We build a lot of code at Mozilla. Every time someone pushes changes to the code that makes up Firefox we build the application on multiple platforms in a variety of build configurations. This means that we’re constantly looking for ways to make the build faster–to get faster results from our builds and tests and to use less machine time so that we can use fewer machines for builds and save money.

A few years ago my colleague Mike Hommey did some work to see if we could deploy a shared compiler cache. We had been using ccache for many of our builds, but since we use ephemeral build machines in AWS and we also have a large pool of build machines, it doesn’t help as much as it does on a developer’s local machine. If you’re interested in the details, I’d recommend you go read his series of blog posts: Shared compilation cache experiment, Shared compilation cache experiment, part 2, Testing shared cache on try and Analyzing shared cache on try. The short version is that the project (which he named sccache) was extremely successful and improved our build times in automation quite a bit. Another nice win was that he added support for Microsoft Visual C++ in sccache, which is not supported by ccache, so we were finally able to use a compiler cache on our Windows builds.

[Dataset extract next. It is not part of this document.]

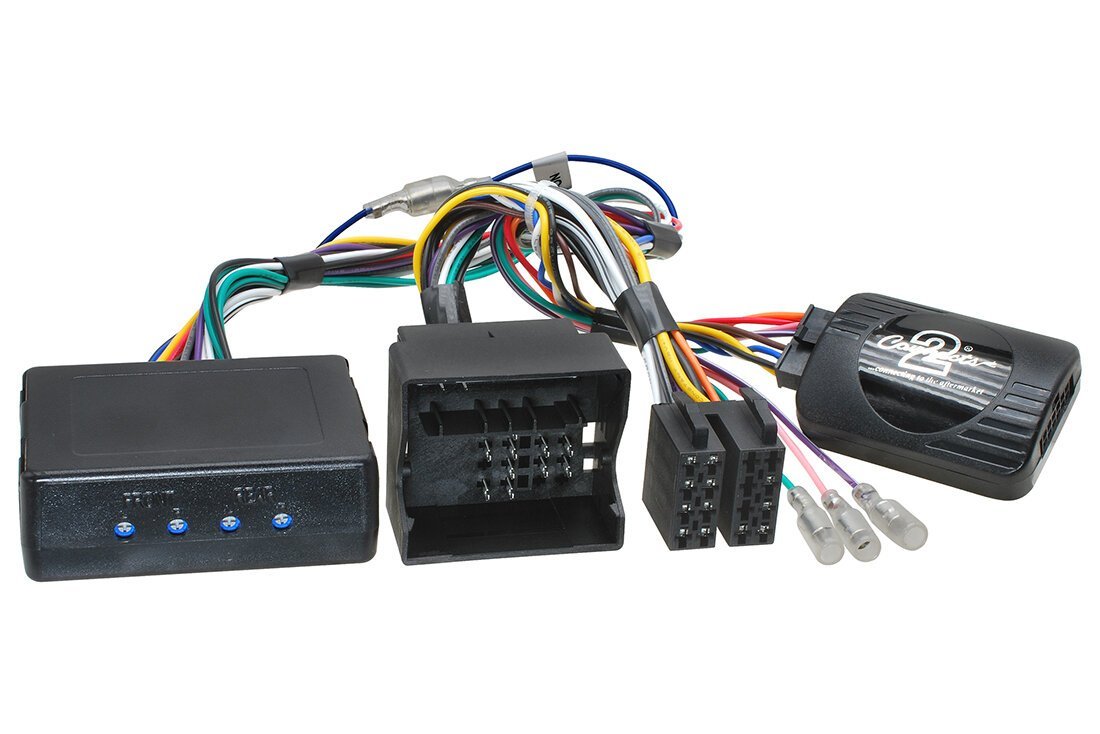 Adapter pro ovladani na volantu Audi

This year we started a concerted effort to drive build times down even more, and we’ve made some great headway. Some of the ideas for improvement we came up with would involve changes to sccache. I started looking at making changes to the existing Python sccache codebase and got a bit frustrated. This is not to say that Mike wrote bad code, he does fantastic work! By nature of the sccache design it is doing a lot of concurrent work and Python just does not excel at that workload. After talking with Mike he mentioned that he had originally planned to write sccache in Rust, but at the time Rust had not had its 1.0 release and the ecosystem just wasn’t ready for the work he needed to do. I had spent several months learning Rust after attending an “introduction to Rust” training session and I thought it’d be a good time to revisit that choice. (I went back and looked at some meeting notes and in late April I wrote a bullet point “Got distracted and started rewriting sccache in Rust”.)

As with all good software rewrites, the reality of things made it into a much longer project than anticipated. (In fairness to myself, I did set it aside for a few months to spend time on another project.) After seven months of part-time work on the project it’s finally gotten to the point where I’m ready to put it into production usage, replacing the existing Python tool. I did a series of builds on our Try server to compare performance of the existing sccache and the new version, mostly to make sure that I wasn’t going to cause regressions in build time. I was pleasantly surprised to find that the Rust version gave us a noticeable improvement in build times! I hadn’t done any explicit work on optimizing it, but some of the improvements are likely due to the process startup overhead being much lower for a Rust binary than a Python script. It actually lowered the time we spent running our configure script by about 40% on our  Linux builds and 20% on our OS X builds, which makes some sense because configure invokes the compiler quite a few times, and when using ccache or sccache it will invoke the compiler using that tool.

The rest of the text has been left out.